The flaw in the sentiment on this iconic statue that stands in the harbor of New York is that it assumes that our country will always be better off with more and more people. It assumes we will have enough resources for them. It assumes we will have enough fresh water, open space, wildlife, wild lands and everything that makes for a quality of life. It assumes we have enough now. When the hushed voice of environmental measurement is allowed a seat at the table, it speaks a shocking story. It turns out that if we are to look at immigration and the US population through the eyes of sustainability then we passed up our sustainable numbers at least 150 million people ago.150 million just might be sustainable but it depends at what level of consumption and how many resources are left at the time this goal is achieved. 

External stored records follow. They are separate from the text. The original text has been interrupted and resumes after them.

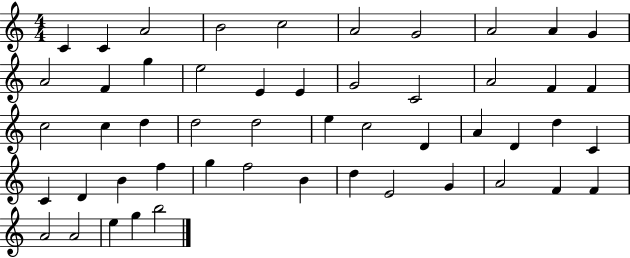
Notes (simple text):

C4/q C4/q A4/h B4/h C5/h A4/h G4/h A4/h A4/q G4/q A4/h F4/q G5/q E5/h E4/q E4/q G4/h C4/h A4/h F4/q F4/q C5/h C5/q D5/q D5/h D5/h E5/q C5/h D4/q A4/q D4/q D5/q C4/q C4/q D4/q B4/q F5/q G5/q F5/h B4/q D5/q E4/h G4/q A4/h F4/q F4/q A4/h A4/h E5/q G5/q B5/h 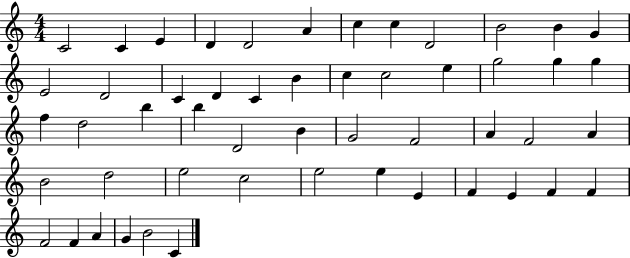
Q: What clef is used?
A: treble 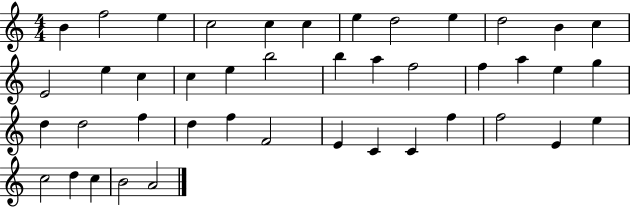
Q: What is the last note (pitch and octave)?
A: A4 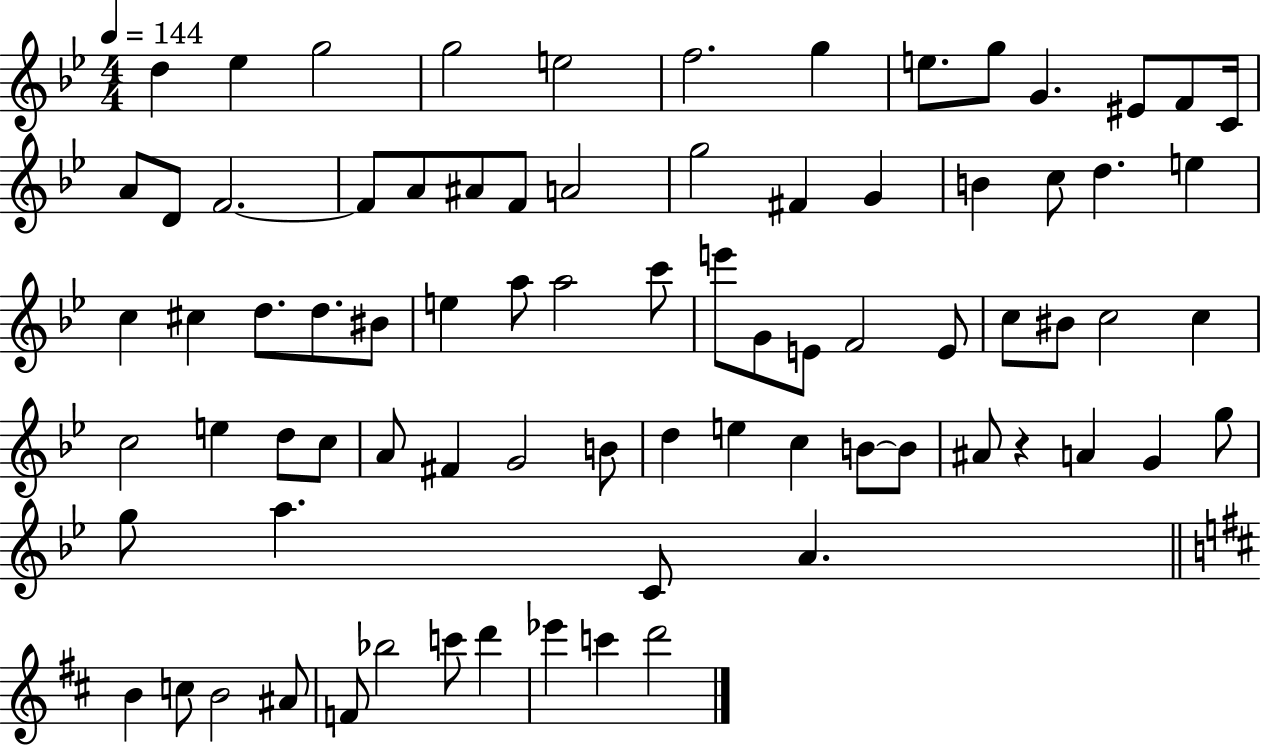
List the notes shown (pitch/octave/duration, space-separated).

D5/q Eb5/q G5/h G5/h E5/h F5/h. G5/q E5/e. G5/e G4/q. EIS4/e F4/e C4/s A4/e D4/e F4/h. F4/e A4/e A#4/e F4/e A4/h G5/h F#4/q G4/q B4/q C5/e D5/q. E5/q C5/q C#5/q D5/e. D5/e. BIS4/e E5/q A5/e A5/h C6/e E6/e G4/e E4/e F4/h E4/e C5/e BIS4/e C5/h C5/q C5/h E5/q D5/e C5/e A4/e F#4/q G4/h B4/e D5/q E5/q C5/q B4/e B4/e A#4/e R/q A4/q G4/q G5/e G5/e A5/q. C4/e A4/q. B4/q C5/e B4/h A#4/e F4/e Bb5/h C6/e D6/q Eb6/q C6/q D6/h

I am in my sixties now.  Our population in the US has doubled in my lifetime. Those additional 163 million consumers have transformed this country. They are responsible for our crowded cities and traffic problems, more pollution and less open land. More people make a wide variety of negative impacts on the environment and it doesn’t matter from this perspective the nationality of those additional people. We are all consumers. We can and should try to consume less but we all need water, energy, food, jobs, open land and none are in a limitless supply. The consumption in the US is so high that those who keep the statistics on this like Global Footprint Network, tell us that it would take five planets to supply the globe with enough resources if everyone were to consume like us. Adding more high level fossil fuel consumers is horrendous for our climate too. I acknowledge that this is a very difficult discussion to have. I don’t pretend to have all of the answers. But I know for sure it is a part of the equation that needs to be on the table.

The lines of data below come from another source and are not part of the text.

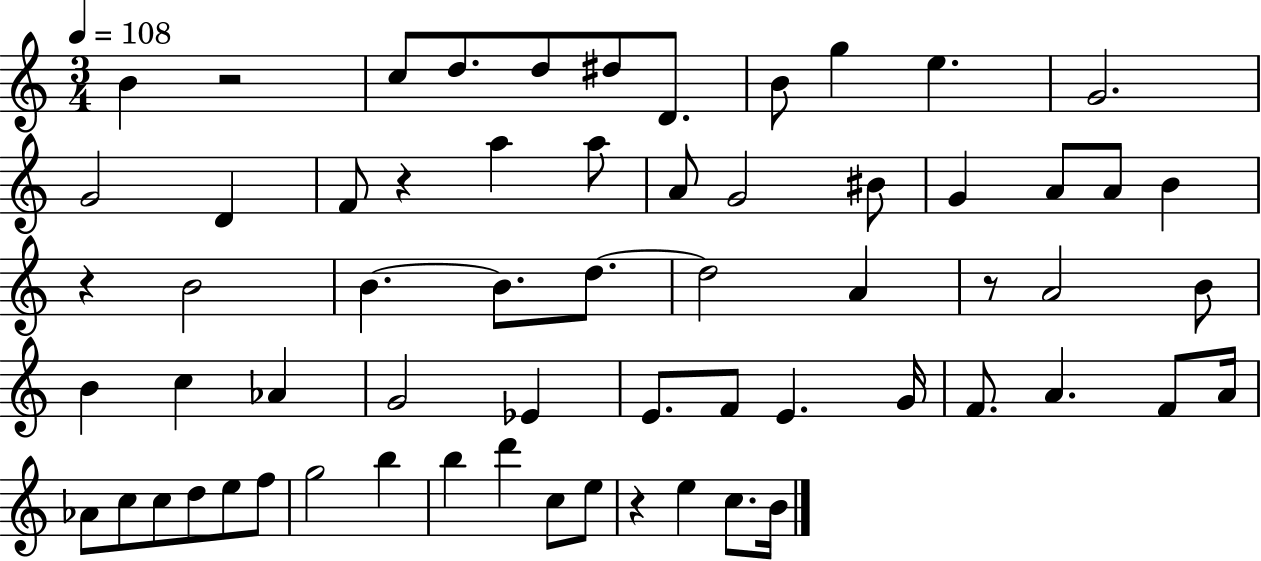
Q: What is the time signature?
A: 3/4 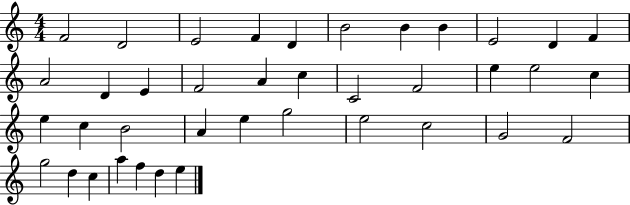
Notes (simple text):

F4/h D4/h E4/h F4/q D4/q B4/h B4/q B4/q E4/h D4/q F4/q A4/h D4/q E4/q F4/h A4/q C5/q C4/h F4/h E5/q E5/h C5/q E5/q C5/q B4/h A4/q E5/q G5/h E5/h C5/h G4/h F4/h G5/h D5/q C5/q A5/q F5/q D5/q E5/q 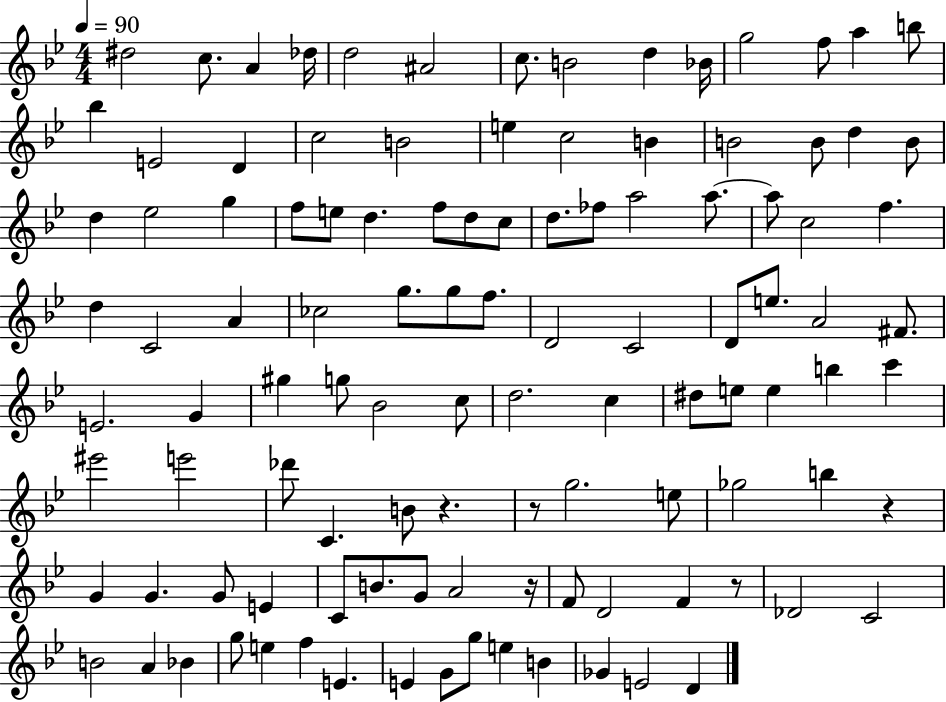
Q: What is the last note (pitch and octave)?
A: D4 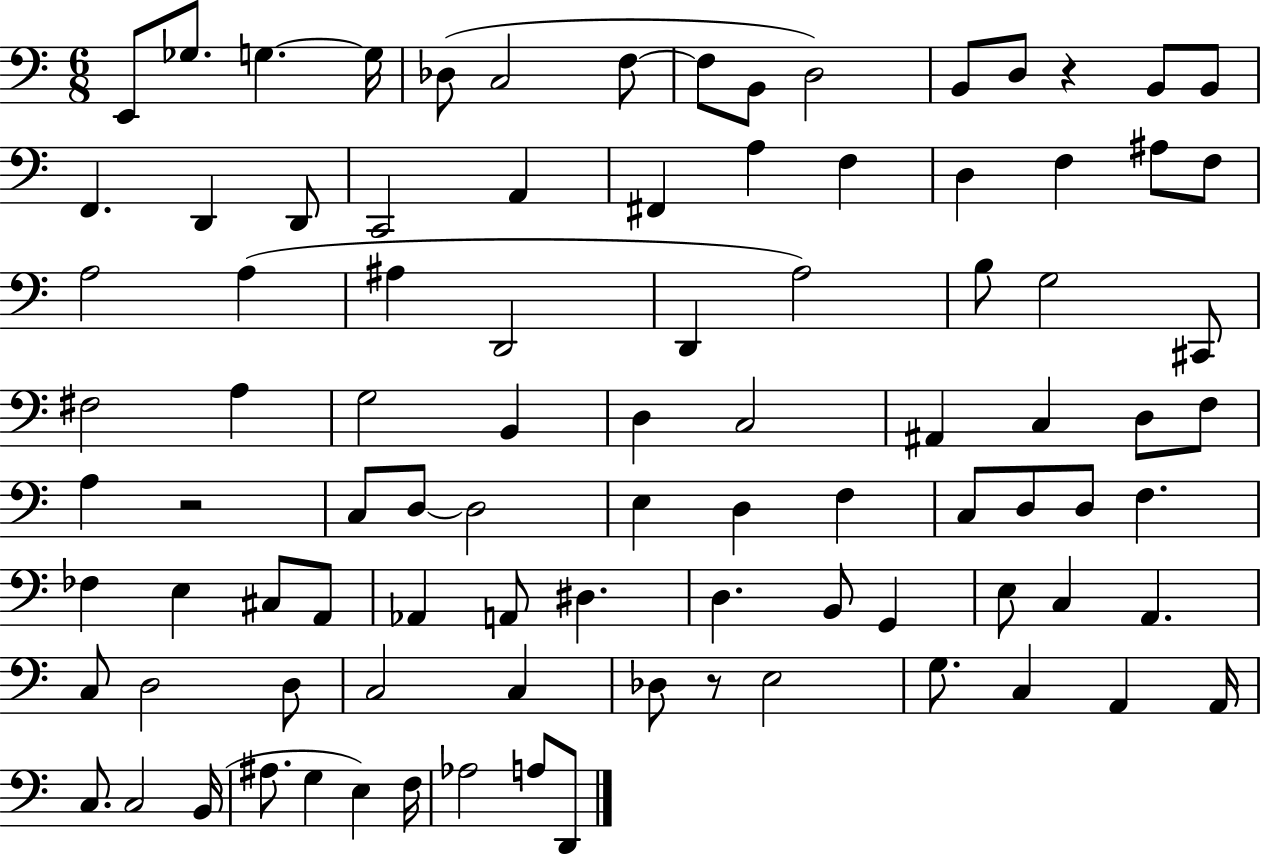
{
  \clef bass
  \numericTimeSignature
  \time 6/8
  \key c \major
  e,8 ges8. g4.~~ g16 | des8( c2 f8~~ | f8 b,8 d2) | b,8 d8 r4 b,8 b,8 | \break f,4. d,4 d,8 | c,2 a,4 | fis,4 a4 f4 | d4 f4 ais8 f8 | \break a2 a4( | ais4 d,2 | d,4 a2) | b8 g2 cis,8 | \break fis2 a4 | g2 b,4 | d4 c2 | ais,4 c4 d8 f8 | \break a4 r2 | c8 d8~~ d2 | e4 d4 f4 | c8 d8 d8 f4. | \break fes4 e4 cis8 a,8 | aes,4 a,8 dis4. | d4. b,8 g,4 | e8 c4 a,4. | \break c8 d2 d8 | c2 c4 | des8 r8 e2 | g8. c4 a,4 a,16 | \break c8. c2 b,16( | ais8. g4 e4) f16 | aes2 a8 d,8 | \bar "|."
}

Overpopulation has been ignored, dismissed and trampled upon for far too long. We absolutely cannot allow our overpopulated country to be an excuse for treating immigrants inhumanely. The atrocities happening at our border are indefensible. But it is equally hard to imagine that we can make good decisions about our country’s future regarding immigration policies while ignoring the tragic state of our country’s limited life-giving resources. Is it really fair to welcome people into a place that is already over-pumping its aquifers? We must acknowledge that we all suffer when we exceed our country’s environmentally determined limits, and we have already exceeded them. We must try our best to walk that fine line between loving our fellow human and conserving the resources that support life itself. 

How ironic that even if Emma Lazurus had been a more futuristic poet, and wanted to add the words,  “until it is no longer sustainable to do so, ” to her poem it was too late.  The US was already overpopulated by at least 90 million people in 1986 when her poem was added.